The Economistより:中国だけが極端に出生率が落ちている


話を戻すと、中国ではこの隔離政策のために出生率が下落した。他の国でもそうだったろうというかも知れないが、必ずしもそうではない。他の地域では多少の影響があったものの、かなりの自由を謳歌し、その結果、妊娠し出産している。生物のもつ「生命の躍動」とか言われるものが、どんな隙間でも見つけて活動するというのは本当だといまさらながら思うが、中国の隔離政策では男女を分けて収容所にぶち込んだのだから、生命の躍動は発揮されなかったのだ。そしてこのグラフの曲線をじっくりみれば、どれほどの締め付けを行ったか想像できるだろう。

新華社=共同より:日本の尖閣諸島は中国の軍事的拠点に?


さらにもうひとつ想像すべきことは、独裁制をほぼ完全に確立した習近平は、周辺への軍事的活動を、加速させる意欲を燃やすことになるということだ。これも「経済が衰退すれば軍事行動は行えない」と考える人もいるが、中国に関する限りそうではない。「たとえ1本のズボンを2人で履いても、1皿のスープを2人で啜っても、軍事力を増強する」と述べた毛沢東の教えはいまも生きている。
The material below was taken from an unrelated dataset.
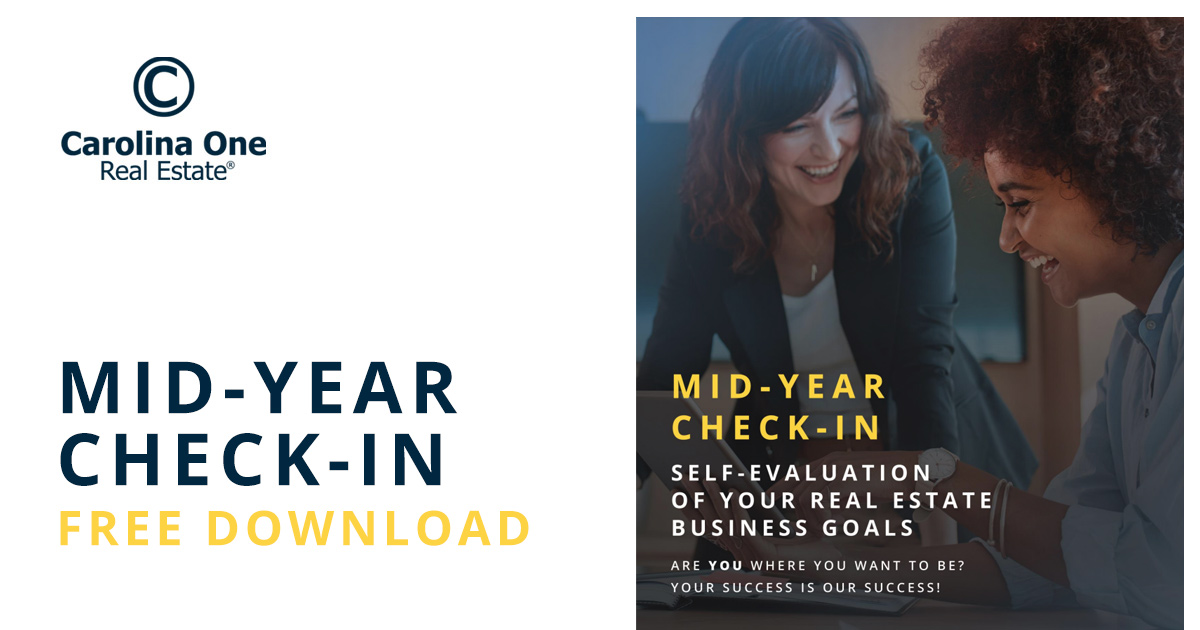 MidYear CheckIn FREE Download Explore joining Carolina One Real Estate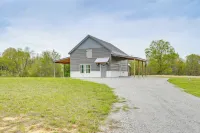 5 Mi to Lake Barkley: Secluded Retreat in Kuttawa - 2 étoiles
最近、2016年に習近平尖閣諸島確保について、軍内部会議で発言していることが明らかになった。そしてこれは、台湾侵攻の計画のなかに入っていることを忘れるわけにはいかない。米民主党ペロシが訪台した直後、中国はミサイルを何発も発射したが、その2発はちゃんと日本のEEZ(経済的排他水域)内に落下した。つまり日本は台湾問題については立派な仮想敵国であって、日本が何もしなければ何もされないと思うと大きく間違うだろう。